Perdí el uso del habla y luego de caminar. Ya no comí y me alimentaron a través de un tubo nasal. A fuerza de la investigación a través de análisis de sangre, mi cuerpo estaba lleno de hematomas, las venas de los brazos eran escasos y a veces incluso me inyectaban los pies.
Tuve ataques severos en el hospital, por lo que me ataron las manos y los pies en la cama y me inyectaron un sedante ya que no podían controlarme; mi madre me dijo que tenía una fuerza casi sobrehumana cuando mis ataques me llevaron.
Incluso logré dejar de reconocer a los miembros de mi familia ...
...
Tuve la suerte de tener a mi familia a mi lado, más presente que nunca.
Mi enfermedad me trajo muchas dificultades, pero imagina presenciar todo esto y estar indefenso. Eran mis padres y mi hermano, mi familia.
Estaban allí para ver mi salud deteriorarse, para escuchar a los médicos decir que no entendían lo que tenía, por lo que no sabían cómo curarme ...
Su hijo, su hermana, su prima, su sobrina, su nieta, a quienes siempre ha conocido en plena forma y enferma durante la noche sin ningún historial médico.
No se detuvieron ante la impotencia de los médicos en mi caso.
Durante toda mi hospitalización, todos los días mi familia estuvo presente, madre, padre, hermano, tías, tíos, primos ...
La pared de la habitación de mi hospital, frente a mi cama, para poder verla directamente, estaba llena de fotos de todos los miembros de mi familia que habían venido a verme, así como de personas que pedían información, noticias de yo ….
Mi hermano, masajista, fisioterapeuta y osteópata, me masajeó y me hizo hacer ejercicios incluso si estaba postrado en cama y no caminaba.
Mi madre y mi padre se turnaban para dormir conmigo por la noche en el hospital, mi padre tenía que irse a trabajar, mi madre se quedaba conmigo todas las noches, lo que quedaba de su hija.
Recibí muchas visitas de familiares y parientes, pero sinceramente no podía decirte quién estaba allí o no si mis padres no me lo habían dicho.
Fui hospitalizado en julio, pero no fue hasta septiembre que los médicos finalmente encontraron lo que tenía, pusieron un nombre a mi enfermedad y me dieron un tratamiento adecuado (RITUXIMAB, un tipo de quimioterapia) para que pudiera volver a "como antes". .

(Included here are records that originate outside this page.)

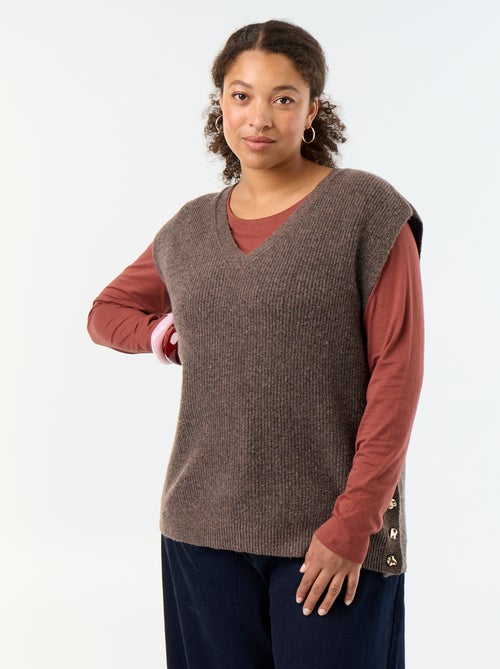 Pull sans manches avec bijoux fantaisies dorés - Kiabi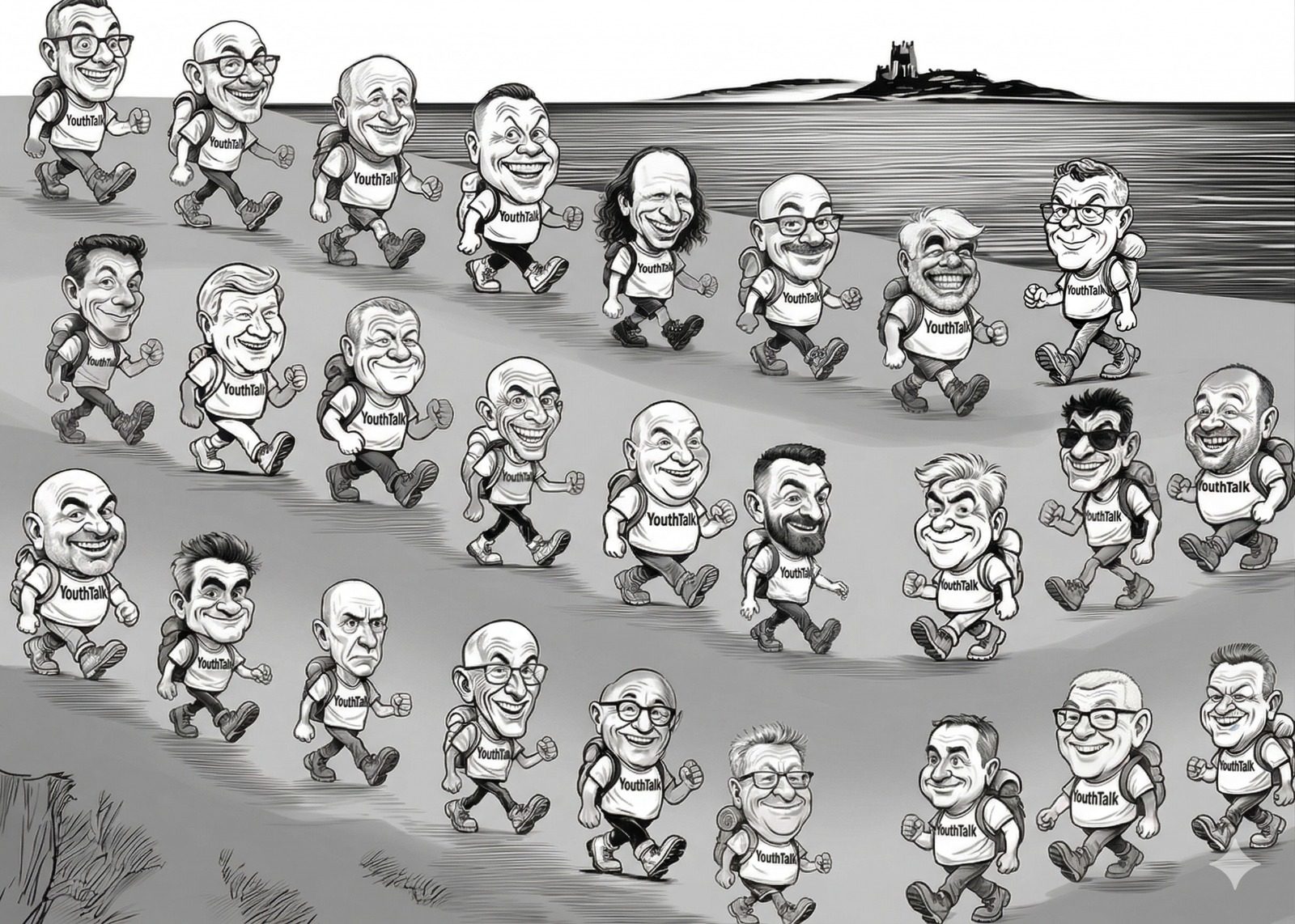 Cartoon caricature image of the men who are taking on the challenge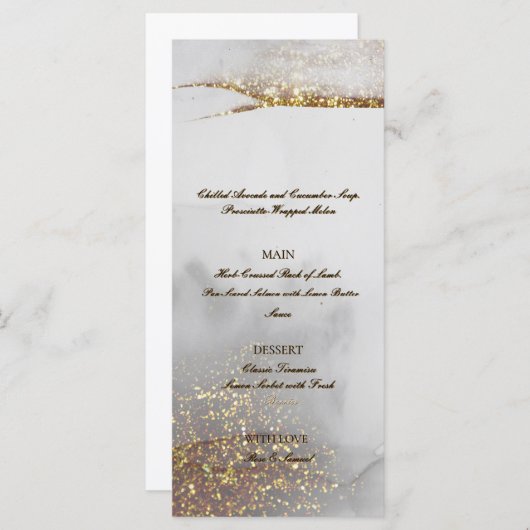 Glitter Gold Alcohol Ink Chic Flat Menu (Voorkant / Achterkant)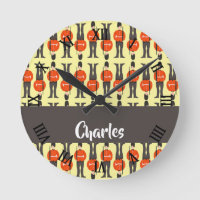 British royal guards pattern on yellow round clock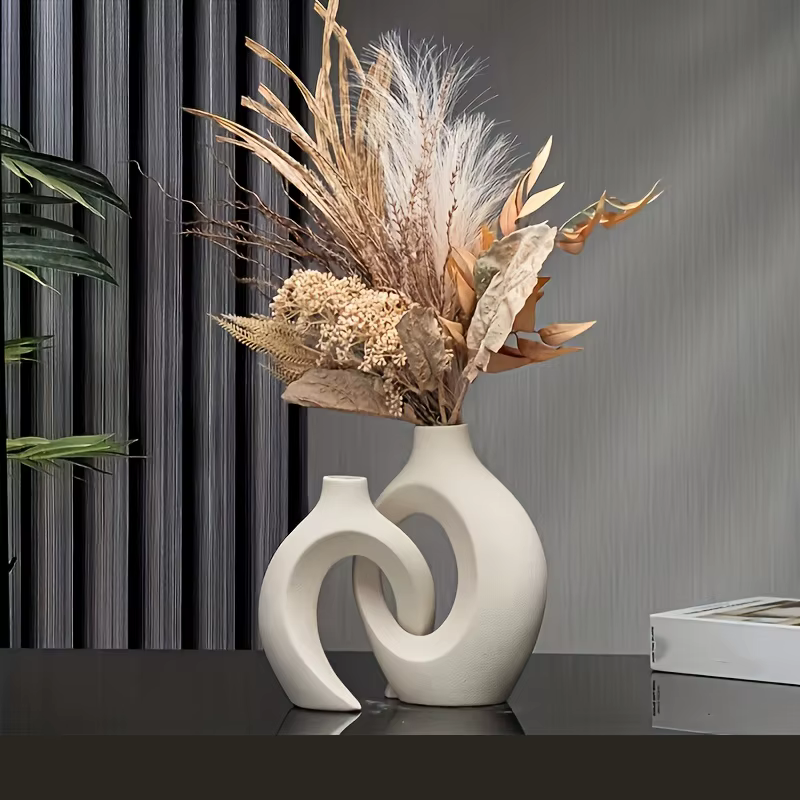 Vase à fleurs blanc nordique, 2 pièces, Pot de plantes en plastique conçu, décoration de la maison, 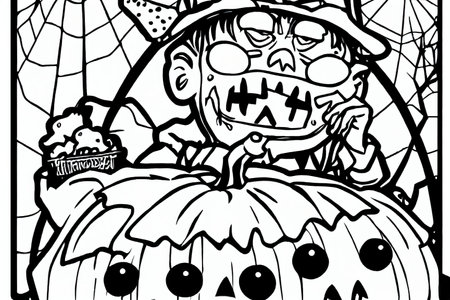 Trick or Treat coloring page. Halloween coloring page forの素材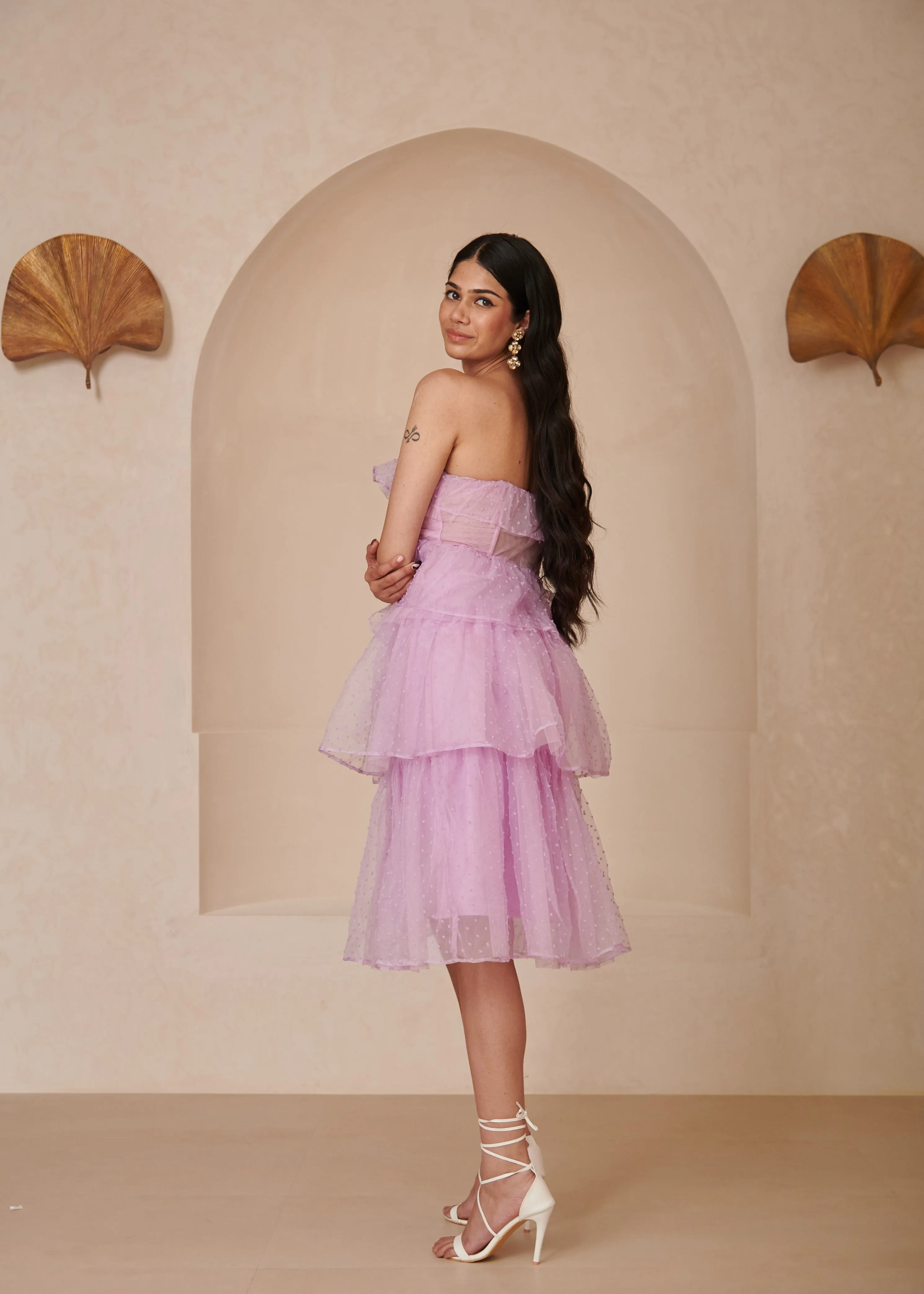 Florine Purple Organza Bandeau Corset Dress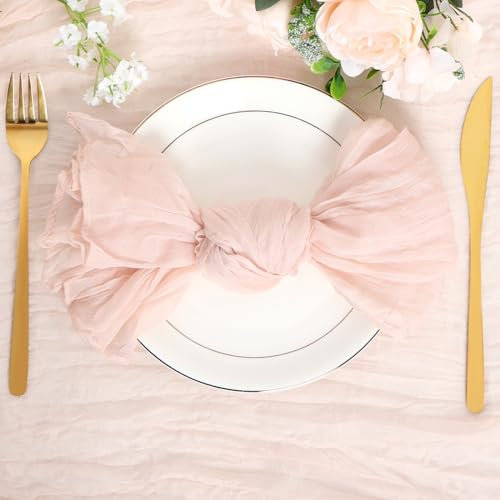 Nydotd Seihtuch-Servietten, 50,8 x 50,8 cm, Boho-Servietten, zerknittert, rustikal, Leinen, Tischdekoration, Stoffservietten für Hochzeit, Party, Babyparty, Familie, Alltag, Ostern, Altrosa, 6 Stück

Comencé a hablar y caminar nuevamente y volví a Guadalupe con mi madre a mi familia, donde realicé mi rehabilitación en una clínica. En esta clínica reaprendí cosas (alegría, tristeza ...), comunicarme, caminar correctamente.
Tuve la suerte de poder encontrar todas mis facultades sin secuelas visibles.
Sabes, la enfermedad es impredecible, pero nos curamos más rápido cuando nuestra rabia por vivir con las personas que nos rodean y apoyarnos están decididos a verte y encontrar la alegría de la vida que tenías antes. ¡Tengo la suerte de tener una familia extraordinaria que me apoyó y creyó en mi recuperación cuando los mismos médicos no creyeron en ella y nunca les agradecería lo suficiente por eso!
Muchas gracias a mis tres pilares, mi madre, mi padre y mi hermano.
Es una vida nueva que me han ofrecido y vivo completamente rodeada de personas que amo, porque esta enfermedad me ha dado una visión diferente de la vida. Dejé Guadalupe (donde estaba haciendo mi rehabilitación, cerca de mi familia) para reanudar mis estudios. Una elección que apenas tranquilizó a mis padres; después de eso entiende; Ya estaba estudiando lejos de ellos cuando todo comenzó. Pero todavía soy parte de eso. Tomé el curso de mi vida, viví mis cursos en la escuela experiencias inolvidables, conocí a personas extraordinarias. Tiene un Bac +3 en Comercio Internacional y hoy es la feliz madre de una niña.
A través de mi testimonio, espero poder comunicarme y sensibilizar a un gran número de personas para que esta enfermedad se conozca y pueda ayudar a tratar a los pacientes afectados más rápido que yo.